Князь довольно поздно возвращался от гостеприимного хозяина: часы на башне собора, построенного Вильгельмом Добрым, пробили одиннадцать, когда он сел в карету, запряженную его лучшими лошадьми. Получаса ему было вполне достаточно, чтобы доехать до Палермо, расстояние же от города до виллы он преодолел за пять минут. Князь спросил камеристку, где графиня, и получил ответ, что та очень устала и легла около десяти часов.

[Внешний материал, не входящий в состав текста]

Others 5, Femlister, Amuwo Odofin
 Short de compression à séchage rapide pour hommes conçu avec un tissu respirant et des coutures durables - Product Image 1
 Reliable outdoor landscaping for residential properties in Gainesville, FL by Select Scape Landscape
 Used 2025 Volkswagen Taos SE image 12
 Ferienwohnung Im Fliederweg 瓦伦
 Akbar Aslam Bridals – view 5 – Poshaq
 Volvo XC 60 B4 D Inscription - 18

Князь быстро поднялся в комнату своей возлюбленной и хотел открыть дверь, но та оказалась заперта изнутри. Тогда он подошел к другой, потайной двери, что вела прямо в альков Джеммы и располагалась позади ее постели. Князь бесшумно открыл дверь и тихо вошел, боясь потревожить сон прекрасной графини. Очарованный ею, он на мгновение остановился. Алебастровая лампа, подвешенная к потолку на трех жемчужных нитях, мягко освещала комнату и совсем не мешала спящей. Князь склонился над Джеммой. Одеяло почти совсем не закрывало ее, а вокруг шеи было намотано боа, темный цвет которого выгодно оттенял белизну ее кожи. Князь, замерев, любовался этой неземной красотой. Но вскоре его поразила неподвижность Джеммы: он наклонился к ней еще больше и заметил странную бледность ее лица. Тогда князь приложил ухо к ее груди – Джемма не дышала. Он взял ее за руку, но она была холодна как лед. Князь крепко обнял любимую, чтобы согреть на своей груди, но в ту же секунду отстранился, испустив крик ужаса: голова Джеммы скатилась на пол.

На следующее утро под окном нашли ятаган Али.

Елена

Мертвая голова (сборник) - wmn011c.png

Из всех парижских театров Большая Опера [18] – это именно тот театр, в который реже всего ездят смотреть на сцену. Хотя эти слова очень нелестны для сочинителей опер и балетов, однако же надо признаться, что это правда, даже если бы Сильфиде пришлось потерять крылышки, а дочери Дуная утонуть в недрах собственного отца. Такое признание тяжело, но необходимо. Увы! Приезжают смотреть балет, чтобы увидеть нечто другое; приезжают слушать певцов, чтобы услышать нечто иное.

В самом деле, «театра» больше в зрительной зале, чем на сцене, «театр» везде: в прелестных личиках – веселых и надушенных, свежих и розовых, которые грациозно выглядывают из лож; в светлых или черных кудрях, вьющихся по белым плечам, которые по очертаниям и формам красивее и изящнее статуй Кановы. Театр в улыбке, во взглядах, которые ищешь, смущенный и беспокойный. Уверенные и обольстительные, они идут к тебе сквозь молчаливую толпу, как надежда входит в сердце. Да, театр во всем этом, и еще более в задушевных разговорах, которые ведутся вполголоса и из которых ни одно слово не теряется.